But I am mustering a show of resistance, or ambivalence, to any plan for expurgating some of the Level fields in columns H through Q. These count the number of students per school per year and per class, whose testing outcomes position them atop one of four levels of accomplishment defined by New York State, and as detailed in the ColumnInfo sheet (the higher the number the greater the proficiency). The Level % fields – for example, could have, under other spreadsheet-organizational circumstances, been easily derived from the N-field data via a standard pivot-table sited % of Column/Row Total – had all the level scores been assigned their own record beneath the same, circumscribing field. But the data don’t behave that way, and so perhaps the sheet is doing us a favor by folding the % fields into the data set (in fact, had all the Level_N numbers been assembled beneath a single field heading, the Number Tested field could have likewise been bid a farewell, because a pivot table would return numbers tested as a sub or grand total). So in light of the prevailing realities, leaving all those fields alone might be a prudent thing.

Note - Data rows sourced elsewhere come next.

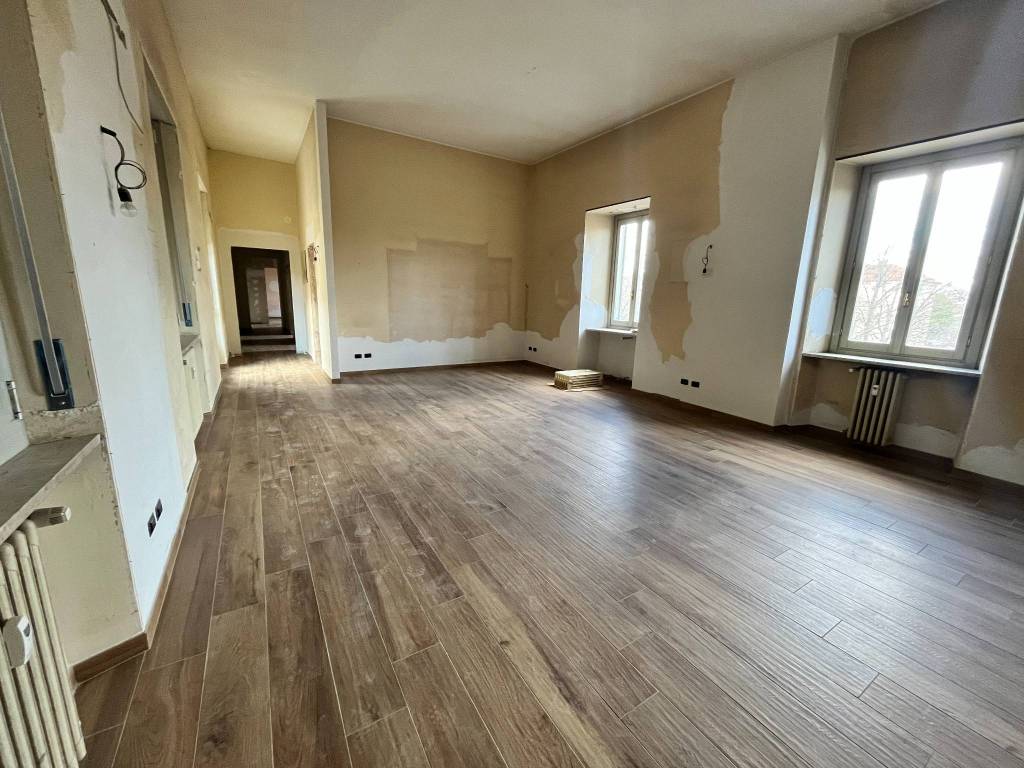 appartamento in vendita a Pinerolo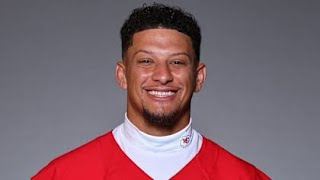 Today is Patrick Mahomes’s 30th birthday. 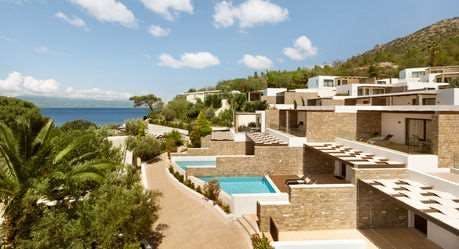 Wyndham Loutraki Poseidon Resort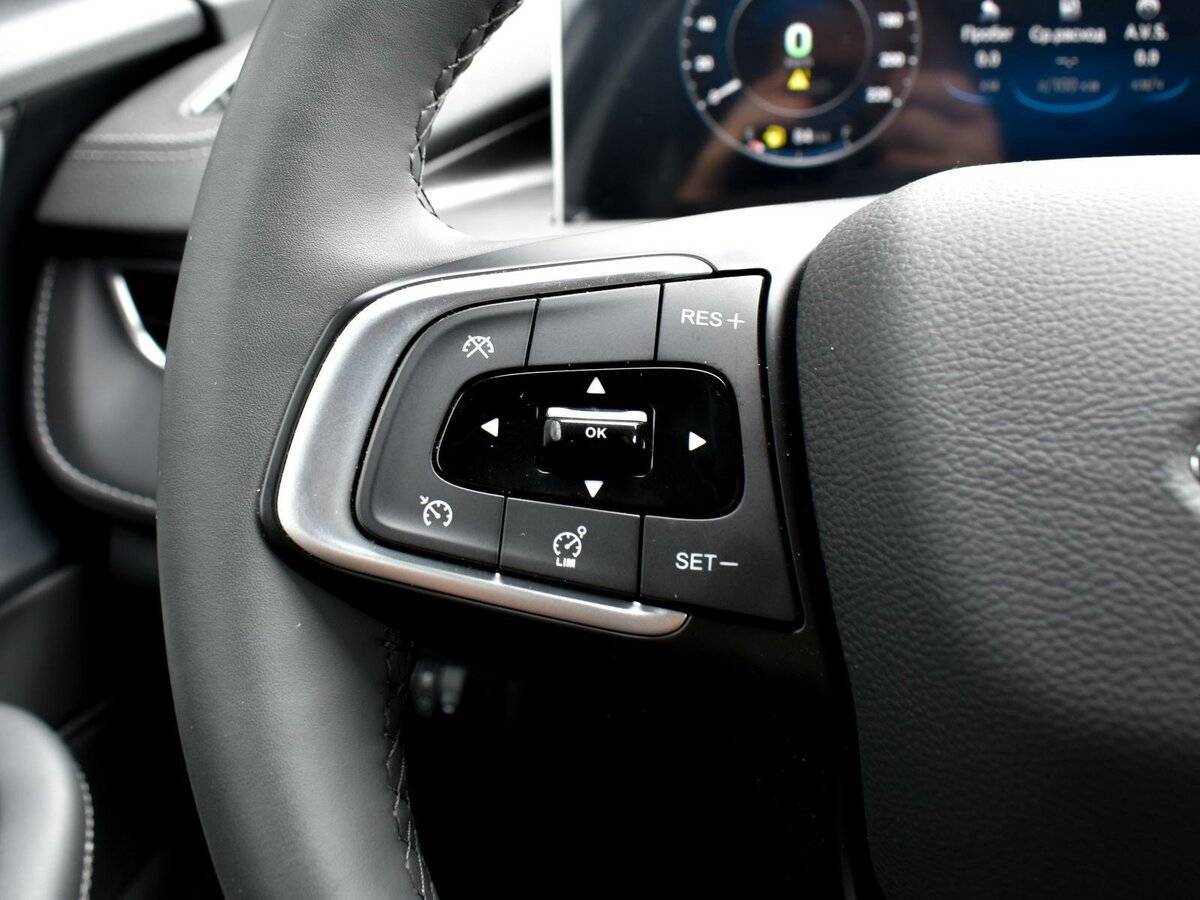 Купить Chery Tiggo 4, 2025, 1 349 км.. Фото: #13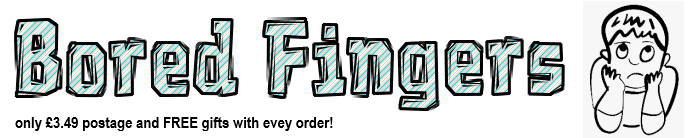 Bored Fingers : Fingerboards and Yo-Yo's!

But I think the time has come for us to actually do something with the data. For a broad-stroked inaugural look, we could average all test scores by gender and year, via this pivot table:

Rows: Year

Columns: Category

Values: Mean Scale Score (Average, figured to two decimal points)

I get:

math2

No female shortfall here. On the contrary, girls’ average scores top boys for each of the available years, by more than a point each year. (On the other hand, we also need to inspect a nuance dotting the large student numbers here: the obvious fact that many of the scores issue from the same students. After all, a third-grade student in school A in 2013 likely reappeared as a fourth-grade student in school A in 2014.)

But is there any evidence of a progressive slimming of the girls’ edge with age? SAT scores, after all, chart a significantly older demographic: the cohort of university-eligible students, the one that affirms that insistent 30-point male differential. Our data, on the other hand, emanate from test-takers hailing from grades three through eight, bidding us to wonder: Does a male margin begin to pull away any time within our data? An answer calls for an introduction of the Grade parameter to the table, but because a three-variable output (Year, Category, and Grade) will begin to clutter the table, I’d opt to cast Grade into a Slicer and successively tick the six grades for which the numbers are available:

math3

Click through the grades and the girl score superiority prevails throughout, indeed broadening unevenly across the older grades and cresting with a 3.07-point average excess in grade 6.

We could also examine borough-wide variation in the numbers, by extracting the respective borough codes from the DBN data in column A. The codes occupy the third position in each code entry, and so if we wend our way to the-next-free-column R and name it Borough, we can enter in R2:

=MID(A2,3,1)

Copy down R, and the borough indicators are isolated:

K- Brooklyn (for Kings County)
M-Manhattan
Q-Queens
R-Richmond (Staten Island)
X-The Bronx

Then draw up this pivot table:

Rows: Borough

Columns: Category

Values: Mean Scale Score (Average, to two decimals)

I get:

math4

Here both gender and borough disparities mark the data, the former most conspicuous in the Bronx. Among the boroughs Queens rises to the top, its average score separating itself from fifth-place the Bronx by more than 20 points. Indeed, the Queens boy average exceeds every other girl’s mean, save that of Queens, of course.

These findings contribute but a sprinkling of pixels to the larger picture, but contributory they are. Accounting for the relative male math predominance at later phases of the educational process serves up a famous analytical challenge; winners of the near-impossible William Lowell Putnam Mathematical Competition, for example – 120-point university-level exam on which the median score is often 0 – are nearly all male, but I don’t know what that means, either.

All of which begs the next question: I’m a guy – so why is it when I divide my number of socks by 2 I always get a remainder of 1?